Response and disease control results are summarized in the Table 1, while overall survival (OS) is shown in Figure 1. Median OS was 7 mo (range 0.4–31+) for cohort A and 4 mo (0.5–25+) for cohort B. Survival rates at 6-, 12-, 18-, and 24 mo were 55%, 31%, 26%, and 26% for cohort A and 38%, 19%, 19%, and 10% for cohort B. The most common adverse effects were fatigue, diarrhea, nausea, headache, rash, and pruritus, with immune-related adverse effects clearly attributable to ipilimumab occurring in the reported and expected frequency. Of note is that CNS events were infrequent and attributable to the tumor, with no clearly drug- or immune-related adverse effects occurring in the CNS.

Table 1. Patient response and disease control

	Cohort A (n = 51)		Cohort B (n = 21)
	mWHO	irRC	mWHO	irRC
Global disease control	9 (18%, 8- 31)	13 (25%, 14–40)	1 (5%, 0.1–24)	2 (10%, (1–30)
CNS disease control	12 (24%, 13–38)	13 (25%, 14–40)	2 (10%, 1–30)	2 (10%, 1–30)
Non-CNS disease control	14 (27%, 16–42)	17 (33%, 21–48)	1 (5%, 0.1–24)	2 (10%, 1–30)
Global objective response	5 (10%, (3–21)	5 (10%, 3–21)	1 (5%, 0.1–24)	1 (5%, 0.1–24)
CNS objective response	8 (16%, 7–29)	8 (16%, 7–29)	1 (5%, 0.1–24)	1 (5%, 0.1–24)
Non-CNS objective response	7 (14%, 6–26)	7 (14%, 6–26)	1 (5%, 0.1–24)	1 (5%, 0.1–24)

Data are n (%, 95% CI). irRC, immune-related response criteria; mWHO, modified WHO criteria. Reprinted with permission from Margolin et al. Ipilimumab in patients with melanoma and brain metastases: an open-label, Phase 2 trial. Lancet Oncology 2012; 13:459-65. ©2012; Elsevier.

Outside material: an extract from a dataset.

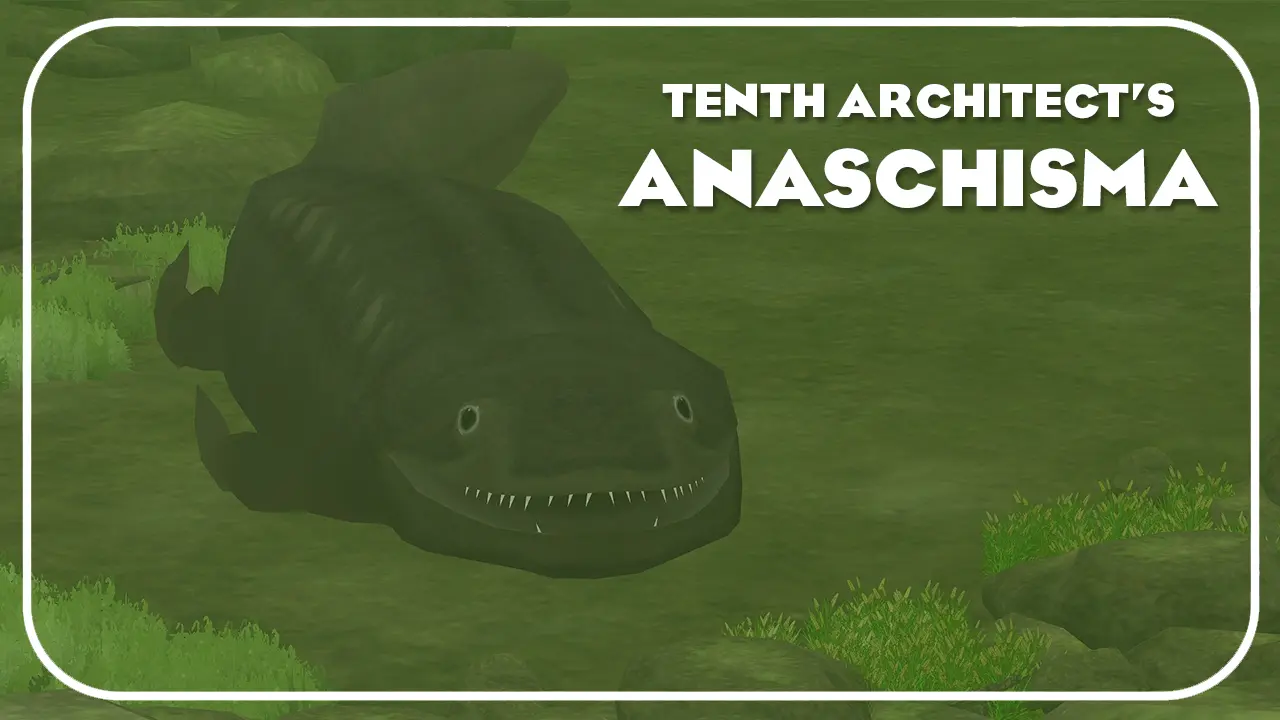 Anaschisma (New Species) at Zoo Tycoon 2 Nexus - Mods and community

Figure 1. Overall survival. Reprinted from Lancet Oncology. Volume 13. Kim Margolin, Marc S Ernstoff, Omid Hamid, Donald Lawrence, David McDermott, Igor Puzanov, Jedd D Wolchok, Joseph I Clark, Mario Sznol, Theodore F Logan, Jon Richards, Tracy Michener, Agnes Balogh, Kevin N Heller, F Stephen Hodi. Ipilimumab in patients with melanoma and brain metastases: an open-label, phase 2 trial. Pages 459–465. Copyright (2012) with permission from Elsevier.

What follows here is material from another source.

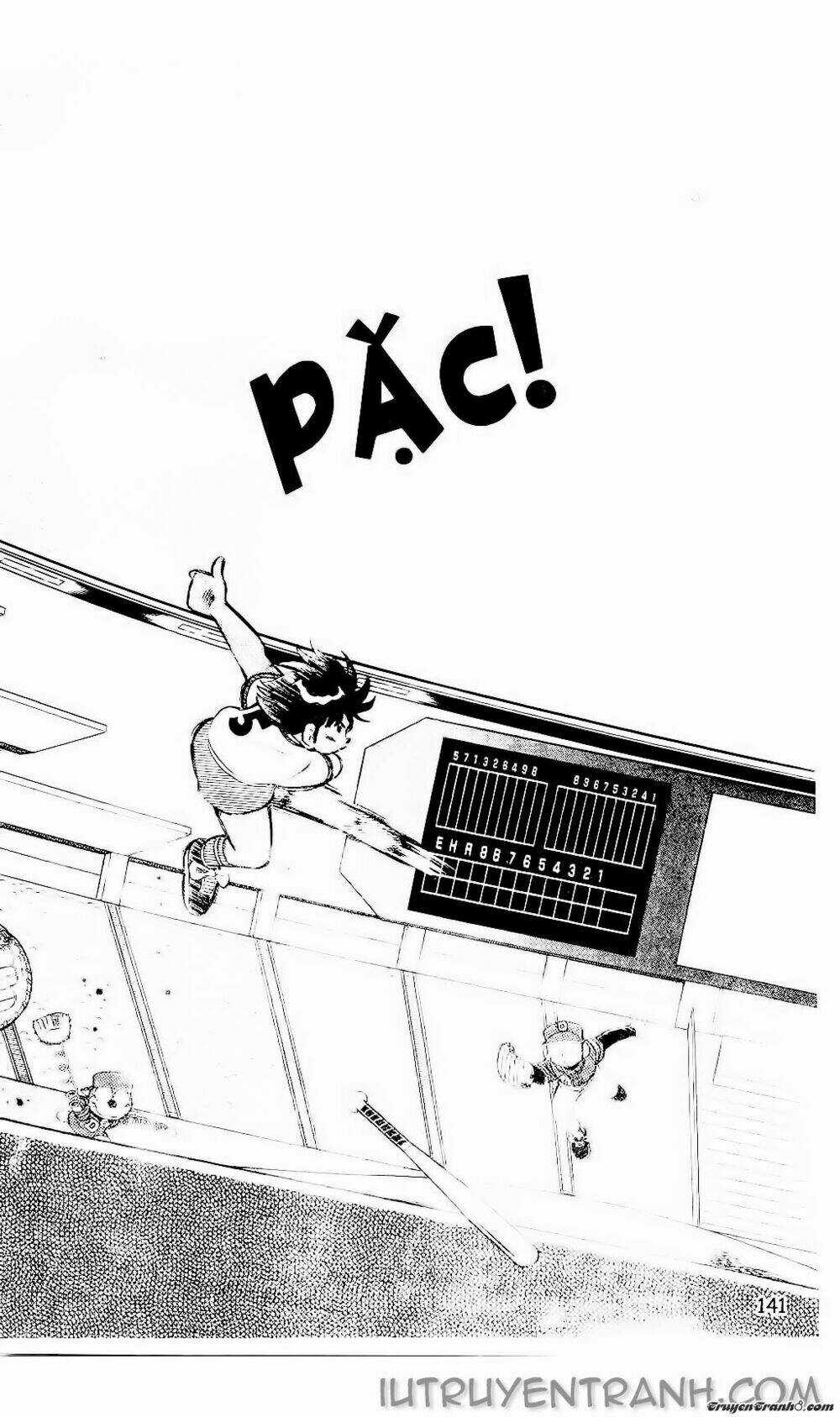 Doraemon Bóng Chày Chapter 68 trang 14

Despite historical assumptions that most therapies would not effectively cross an intact blood brain barrier and the poor prognosis of melanoma patients with brain metastases, who de facto have rarely been allowed to participate in trials testing new therapies, objective responses of melanoma brain metastases to interleukin-2 (IL-2)-based approaches have been reported,- suggesting the possibility of an effective control of CNS metastases by T-cell responses to immunomodulatory therapies. Anecdotal reports of ipilimumab responses in the brain raised the possibility that these assumptions should be questioned and that the role of cellular immunotherapy for melanoma brain metastases should be formally evaluated. Although the primary objective of this study was to estimate DCR, safety was also explored considering that initial tumor growth and/or peritumoral inflammatory changes could cause neurologic complications. Despite early concern that ipilimumab-related inflammation and/or edema in brain lesions would increase morbidity, this did not appear to be the case. In fact, there was at least one occasion in which early progressive disease in the CNS was followed by achievement of partial responses - a pattern that has previously been recognized in extracranial disease and is consistent with the mechanism of action and slow kinetics of tumor responses associated with immunomodulatory therapy. The activity of this regimen without an apparent increase in frequency or emergence of unique CNS toxicities was reassuring evidence that, at least for selected patients, treatment with ipilimumab can be administered with similar efficacy and safety in the brain and extracranial sites. While surgery and/or SRT remains the treatment of choice for most patients at the first occurrence of brain metastasis - in particular for large and/or symptomatic single or oligometastatic disease, ipilimumab is a promising therapy for those patients whose disease has recurred following such frontline therapy and/or who present with multiple, small asymptomatic metastases. The potential impact of systemic corticosteroid therapy at the time of initiation of ipilimumab is unknown, but the apparent low level of benefit for such patients (cohort B) in this study suggests that steroid dependence maybe associated with low benefit from ipilimumab.